Pour conclure sur ce point précis des mineurs détenus, les efforts en termes d’éducation doivent être accentués, ce qui relève de l’éducation nationale. La PJJ doit trouver pleinement sa place en milieu carcéral, notamment dans les établissements pour mineurs afin d’assurer la continuité de la prise en charge des jeunes pour lesquels l’incarcération doit rester une mesure exceptionnelle. (Mme Françoise Laborde applaudit.)

Mme la présidente. Mes chers collègues, je vous rappelle que le temps de parole attribué à chaque groupe pour chaque discussion comprend le temps de l’intervention générale et celui de l’explication de vote.

Par ailleurs, le Gouvernement dispose au total de vingt minutes pour intervenir.

Dans la suite de notre discussion, la parole est à M. Emmanuel Capus.

M. Emmanuel Capus. Madame la présidente, madame la ministre, mes chers collègues, le projet de loi de finances pour 2020 prévoit une augmentation des crédits et des emplois de l’ensemble des programmes de la mission « Justice », ce qui est en soi une bonne nouvelle.

Le montant des crédits demandés pour 2020 atteint ainsi près de 9 milliards d’euros en autorisations d’engagement et 9,4 milliards d’euros en crédits de paiement. Le plafond prévisionnel d’emplois dépasse légèrement les 88 000 équivalents temps plein travaillé, ce qui correspond à un relèvement de l’autorisation de recrutement de 1 520 emplois.

Si cette évolution des crédits et des emplois est positive, elle marque, en revanche, un décrochage par rapport aux engagements pris dans le cadre de la loi du 23 mars 2019 de programmation 2018-2022 et de réforme pour la justice. Celle-ci prévoyait pour l’exercice 2020 la création de 1 620 emplois supplémentaires et l’inscription, en loi de finances initiale, de près de 400 millions d’euros supplémentaires en crédits de paiement.
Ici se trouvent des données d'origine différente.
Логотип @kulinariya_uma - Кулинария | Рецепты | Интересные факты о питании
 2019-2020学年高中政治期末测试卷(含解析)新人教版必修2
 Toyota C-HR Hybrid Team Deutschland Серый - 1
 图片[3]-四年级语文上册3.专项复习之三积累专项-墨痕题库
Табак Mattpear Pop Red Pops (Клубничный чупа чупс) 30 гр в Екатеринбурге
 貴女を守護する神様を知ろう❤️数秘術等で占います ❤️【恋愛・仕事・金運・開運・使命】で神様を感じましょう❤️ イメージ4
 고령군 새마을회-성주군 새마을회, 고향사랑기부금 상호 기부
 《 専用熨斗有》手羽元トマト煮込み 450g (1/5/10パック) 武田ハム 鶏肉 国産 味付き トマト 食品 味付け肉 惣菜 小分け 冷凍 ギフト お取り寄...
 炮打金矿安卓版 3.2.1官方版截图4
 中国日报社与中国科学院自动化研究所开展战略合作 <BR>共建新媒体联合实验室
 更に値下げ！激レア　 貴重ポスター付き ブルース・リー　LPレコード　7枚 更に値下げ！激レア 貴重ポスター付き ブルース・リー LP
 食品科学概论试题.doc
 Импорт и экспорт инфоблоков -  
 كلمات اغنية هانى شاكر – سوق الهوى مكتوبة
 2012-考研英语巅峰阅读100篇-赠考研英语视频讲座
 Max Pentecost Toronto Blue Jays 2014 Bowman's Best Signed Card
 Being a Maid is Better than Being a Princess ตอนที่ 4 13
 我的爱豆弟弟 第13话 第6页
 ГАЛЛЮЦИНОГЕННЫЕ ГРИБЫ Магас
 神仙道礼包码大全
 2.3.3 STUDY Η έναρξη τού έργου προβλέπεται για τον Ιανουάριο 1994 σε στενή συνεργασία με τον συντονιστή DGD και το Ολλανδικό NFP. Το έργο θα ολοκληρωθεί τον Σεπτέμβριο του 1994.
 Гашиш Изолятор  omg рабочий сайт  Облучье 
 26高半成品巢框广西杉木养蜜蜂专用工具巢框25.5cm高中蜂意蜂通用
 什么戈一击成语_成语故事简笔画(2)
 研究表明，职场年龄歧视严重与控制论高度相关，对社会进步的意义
Cette progression des crédits et des emplois semble modeste au regard des efforts nécessaires au redressement de la justice qui se trouve toujours dans une situation critique, tant en termes de délais que de moyens !

Ce constat, notre groupe parlementaire l’avait déjà dressé en 2018 et en 2019, à cette même tribune.

Je souhaite formuler des observations spécifiques à deux des trois programmes de la mission « Justice ».

Tout d’abord, s’agissant des moyens dévolus aux juridictions judiciaires, notre groupe, comme l’an dernier, regrette que ce budget soit celui qui augmente le moins parmi tous les programmes de la mission « Justice ». En effet, l’effort consenti est de seulement 0,13 %, ce qui ne permet pas de couvrir l’érosion liée à l’inflation !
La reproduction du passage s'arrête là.